In 1914 World War I broke out and Steinhaus went with his family to live in Vienna. He undertook military service in the Polish Legion and was involved in the Volhynia campaign as a gun crew commander in the 1st Regiment of Legionary Artillery. Following his discharge, he lived in Kraków. He relates in [41] how, despite the war, it was safe to walk in the Planty Gardens in Kraków in 1916:-
During one such walk I overheard the words "Lebesgue measure". I approached the park bench and introduced myself to the two young apprentices of mathematics. They told me they had another companion by the name of Witold Wilkosz, whom they extravagantly praised. The youngsters were Stefan Banach and Otto Nikodym. From then on we would meet on a regular basis, and ... we decided to establish a mathematical society.
The mathematical society which Steinhaus proposed was started as the Mathematical Society of Kraków and, shortly after the war ended, it became the Polish Mathematical Society. Steinhaus described the beginnings of the new mathematical society in [41] in a passage which tells us quite a lot about his life in Kraków at the time:-
As initiator of the idea, I made my room available for meetings and, as the first step in preparations, nailed an oilcloth blackboard to the wall. When the French manager of the boarding house saw what I had done, she was terrified - what was the proprietor going to say? I calmed her down reminding her that the owner of the building was my uncle's brother-in-law, and she forgave my transgression. However, I had made a mistake. Mr L took the position of a traditional, hard-nosed landlord and was unmoved by the lofty goal the blackboard was supposed to serve. The society expanded - it was the first ray of light of this kind in Poland.
Also at this time Steinhaus started a collaboration with Banach and their first joint work Sur la convergence en moyenne de séries de Fourier (1918) was completed in 1916. He married Stefania Szmosz (1896-1983), the daughter of the railway engineer Marek Szmosz and his wife Pepka Grünwald. Stefania had been born in Kraków on 2 May 1896. Hugo and Stefania Steinhaus had a daughter Lidka Joanna Steinhaus (1919-2000) who was born in Lwów on 6 April 1919.

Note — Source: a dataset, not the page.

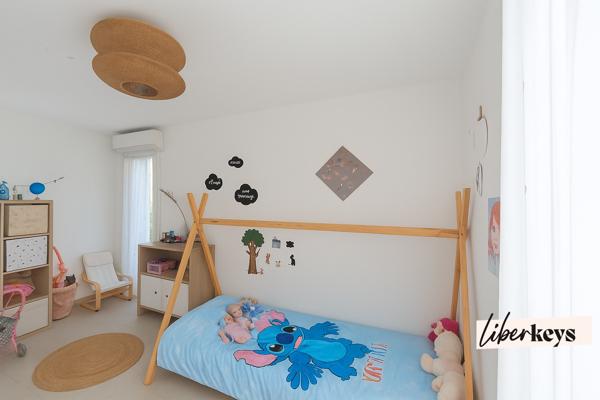 Pavillon cosy avec terrasse, jardin et stationnement – Résidence récente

Steinhaus took up an appointment as an assistant at the Jan Kazimierz University in Lwów (as Lemberg University had become) and, around 1920, he was promoted to Extraordinary Professor. Banach was by this time on the staff at Lwów and the school rapidly grew in importance. Kac, who was a student of Steinhaus in Lwów during the 1930s, described the influence of Lebesgue's work on the Lwów school:-
The influence of Lebesgue on the Lwów school was very direct. The school, founded ... by Steinhaus and Banach, concentrated mainly on functional analysis and its diverse applications, the general theory of orthogonal series, and probability theory. There is no doubt that none of these theories would have achieved today's level of prominence without an essential understanding of the Lebesgue measure and integral. On the other hand, the ideas of Lebesgue measure and integral found their most striking and fruitful applications there in Lwów.
Steinhaus was the main figure in the Lwów School up till 1941. In 1923 he published in Fundamenta Mathematicae the first rigorous account of the theory of tossing coins based on measure theory. In 1925 he was the first to define and discuss the concept of strategy in game theory. Steinhaus published his second joint paper with Banach in 1927 Sur le principe de la condensation des singularités . In 1929, together with Banach, he started a new journal Studia Mathematica and Steinhaus and Banach became the first editors. The editorial policy was:-
... to focus on research in functional analysis and related topics.
Another important publishing venture in which Steinhaus was involved, begun in 1931, was a new series of Mathematical Monographs. The series was set up under the editorship of Steinhaus and Banach from Lwów and Knaster, Kuratowski, Mazurkiewicz, and Sierpinski from Warsaw. An important contribution to the series was a volume written by Steinhaus jointly with Kaczmarz in 1937, The theory of orthogonal series. For more information about this book, see THIS LINK.

Steinhaus is best known for his book Mathematical Snapshots written in 1937. Kac, writing in [17] says:-
... to understand and appreciate Steinhaus's mathematical style, one must read (or rather look at) snapshots. ... designed to appeal to "the scientist in the child and the child in the scientist" ... it expresses, not always explicitly and at times even unconsciously, what Steinhaus thought mathematics is and should be. To Steinhaus mathematics was a mirror of reality and life much in the same way as poetry is a mirror, and he liked to "play" with numbers, sets, and curves, the way a poet plays with words, phrases, and sounds.
For much more information about Mathematical Snapshots, see THIS LINK.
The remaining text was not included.